Cuma günü Anayasa Mahkemesi Cumhurbaşkanlığı İletişim Başkanlığının kuruluş kararnamesi olan 14 No'lu Cumhurbaşkanlığı Kararnamesinin bazı maddelerini iptal etti. 'Bu kararlar Cumhurbaşkanlığı Kararnamesi ile değil kanunla düzenlenmeli' dedi ve 9 ay süre verdi. Anayasa Mahkemesi'nin bu kararı üzerine derhal dezenformasyon tedavüle sokuldu. Birincisi Ulaştırma ve Altyapı Bakanlığı'nın, Bilgi Teknolojileri Kurumu'nun, Instagram'a erişim engeli kararı alması sonrasında Anayasa Mahkemesi'nin bu kararı aldığı yalanı devreye sokuldu. Bir kere Anayasa Mahkemesi'nin ilgili kararı gece, BTK'nın Instagram kararı öncesi alındı ve Resmi Gazete'de yayımlandı. Apaçık bir burada anakronizm var. Maddi, somut olarak gösterebilecek bir gerçek var. Eğer ki Anayasa Mahkemesi sözüm ona böyle bir karar alacak olsa o zaman bu kararı Instagram'a erişim engelli kararı alan BTK için alması gerekiyordu. Oysa birdenbire Anayasa Mahkemesi'nin bir hafta önceki toplantıda aldığı ve yasal prosedürlerden geçerek ancak Cuma günü Resmi Gazete'de yayınladığı ve duyurduğu karar birdenbire birbiriyle ilişkiliymiş gibi gösterildi.

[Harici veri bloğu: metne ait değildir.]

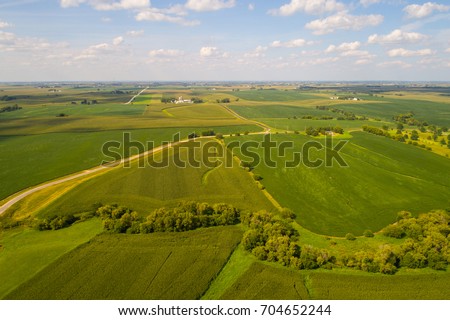 Aerial drone image of farmland landscape in Iowa USA Royalty-Free Stock Photo #704652244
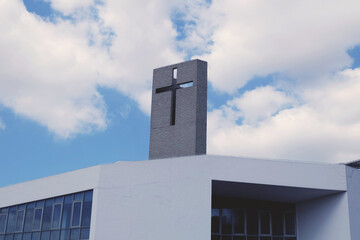 church building, the cross on tne building, the cross with clear blue sky, cloud sky, morning sight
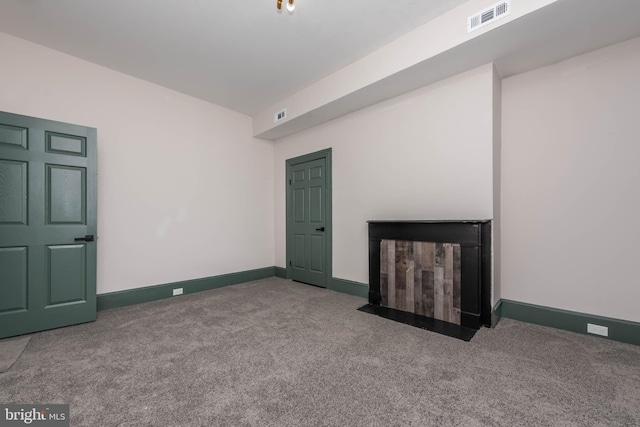 unfurnished living room featuring carpet floors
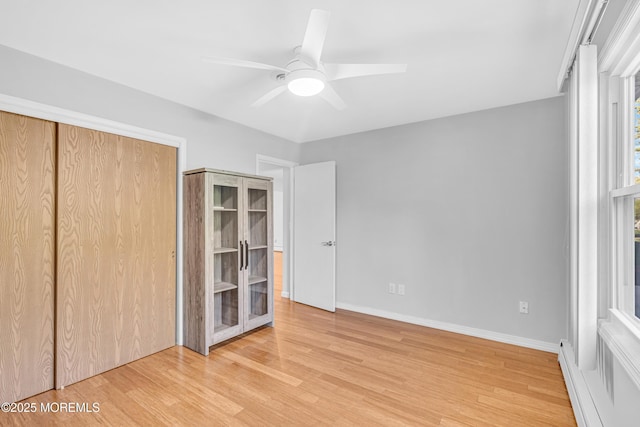 unfurnished bedroom featuring a baseboard radiator, a closet, ceiling fan, light wood-style flooring, and baseboards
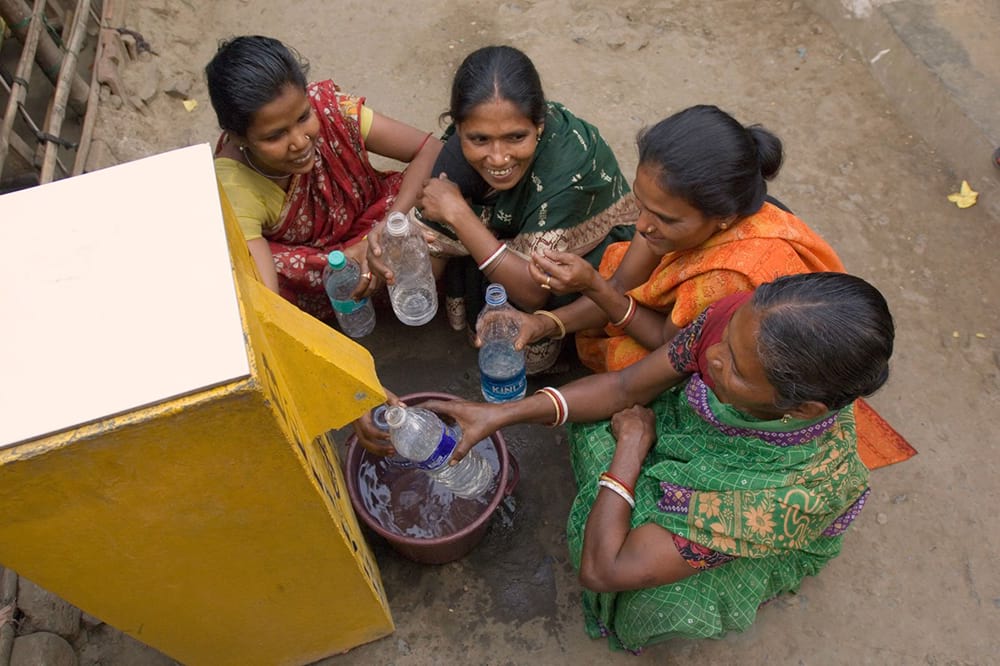Women filling up water bottles using BioSand Water Filter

Bu apaçık bir yalan.
Ama siyaset yapan, medyada kendisini kanaat önderi gibi gösteren insanların bu kadar açıkça çürütülebilecek olan bir yalanı dolaşıma sokması gerçekten kabul edilebilir bir durum değil. Bunu da kamuoyunun vicdanına emanet ediyoruz.
DEZENFORMASYONLARA İLİŞKİN AÇIKLAMA
Bu süreçte Anayasa Mahkemesi'nin aldığı kararla Dezenformasyonla Mücadele Merkezinin kapanacağı ve yasal dayanağının kalmayacağı yönünde yalanların da gündeme getirildiğini aktaran Altun, "Bu da bir dezenformasyondu. Zira Dezenformasyonla Mücadele Merkezini biz elbette Sayın Cumhurbaşkanımızın talimatlarıyla, Başkanlık oluruyla, bizim imzamızla kurduk ve aynı gün Cuma günü bu olurumuzu yineledik. Kamuoyunu doğru bilgilerle, zamanında aydınlatma fonksiyonumuz çerçevesinde Dezenformasyonla Mücadele Merkezimiz çalışmalarına hız kesmeden devam ediyor. Dezenformasyonla Mücadele Merkezimizin yaptıklarıyla biz gurur duyuyoruz. İsrail'in bütün dünyanın gözleri önünde gerçekleştirdiği ve yine bütün küresel medya şirketlerini arkasına alarak dünyadan gizlemeye çalıştığı soykırımı biz Dezenformasyonla Mücadele Merkezimiz üzerinden defalarca bütün dünyaya gösterik. Büyük uluslararası medya şirketleri dahi bizim verilerle, görüntülerle ispat ettiğimiz İsrail'in yalanlarını deşifre etmemizi onlar da yayınlamak zorunda kaldılar. Dezenformasyonla Mücadele Merkezimiz kurulduğu günden bu yana binlerce hakikati ortaya çıkardı ve çalışmalarına bu yaklaşımla devam edecek."